La temperatura de la campaña electoral en el país sube conforme se acerca el día de los comicios generales -19 de febrero del 2017-.
Los discursos de los candidatos apuntan a cuestionar o desacreditar a sus contrincantes, más que ha debatir sus ideas, propuestas o argumentos.
Hay una personalización de la política que no es casual. Todavía hay asesores políticos convencidos de que un discurso de ataque permite al candidato atraer la atención de los medios de comunicación para luego aprovecharla y posicionar un mensaje clave de su campaña. O que resulta oportuno, en un determinado momento, un enfrentamiento personal para distraer al contrincante; hacer que pierda el tiempo contestando, cuando se sabe que ese oponente despega en intención de voto o marca una ventaja importante que es necesario minar.
Si bien para los presidenciables no existe una obligación legal de llevar una campaña de altura; sin insultos, alusiones personales a la profesión, edad, género u otra característica, es una responsabilidad ética de cada uno brindar información y no espectáculo.
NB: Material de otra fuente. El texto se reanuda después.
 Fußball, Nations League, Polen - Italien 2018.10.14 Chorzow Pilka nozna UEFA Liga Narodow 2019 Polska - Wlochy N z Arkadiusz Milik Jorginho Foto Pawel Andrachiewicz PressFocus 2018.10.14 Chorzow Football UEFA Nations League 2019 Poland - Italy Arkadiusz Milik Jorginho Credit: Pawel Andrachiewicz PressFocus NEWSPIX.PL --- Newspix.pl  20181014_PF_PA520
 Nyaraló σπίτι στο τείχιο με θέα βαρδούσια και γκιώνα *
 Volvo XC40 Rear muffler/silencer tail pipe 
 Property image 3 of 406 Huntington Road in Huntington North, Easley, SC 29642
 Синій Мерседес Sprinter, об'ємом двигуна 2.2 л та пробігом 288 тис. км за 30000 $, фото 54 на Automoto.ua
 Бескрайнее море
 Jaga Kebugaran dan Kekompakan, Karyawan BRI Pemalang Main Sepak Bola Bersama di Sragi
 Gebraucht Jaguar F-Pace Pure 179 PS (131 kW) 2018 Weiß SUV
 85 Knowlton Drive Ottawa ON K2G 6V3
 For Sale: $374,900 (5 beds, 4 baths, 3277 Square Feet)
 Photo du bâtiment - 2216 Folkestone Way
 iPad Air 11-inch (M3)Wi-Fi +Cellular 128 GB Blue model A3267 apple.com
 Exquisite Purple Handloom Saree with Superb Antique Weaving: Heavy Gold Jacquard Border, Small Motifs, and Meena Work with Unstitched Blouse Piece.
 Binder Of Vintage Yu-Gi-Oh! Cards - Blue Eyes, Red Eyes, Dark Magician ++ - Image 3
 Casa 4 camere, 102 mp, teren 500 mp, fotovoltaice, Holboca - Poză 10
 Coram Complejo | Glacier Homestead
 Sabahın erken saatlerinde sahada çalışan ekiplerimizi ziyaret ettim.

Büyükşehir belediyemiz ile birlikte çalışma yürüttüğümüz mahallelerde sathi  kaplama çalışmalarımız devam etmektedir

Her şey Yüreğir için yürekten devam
Es una cuestión de respeto por los electores. Es cierto que muy pocas personas se interesan o tienen el tiempo suficiente para leer un plan de Gobierno o escudriñar sobre las ofertas de campaña. Pero precisamente por eso los partidos , sin importar su tendencia política, debieran buscar mecanismos creativos, amables, sencillos de llegar al electorado con sus propuestas.
No solo se trata de apelar a la imagen de un candidato para sacar provecho de sus atributos físicos, como ocurre en algunos casos, o venderlo como una ‘buena persona’ que se preocupa de los más desprotegidos, como pasa con otros.
El ser simpático o agraciado no será aval suficiente para enfrentar la crisis económica; generar empleo o tomar medidas serias para combatir y prevenir la corrupción en las instituciones públicas.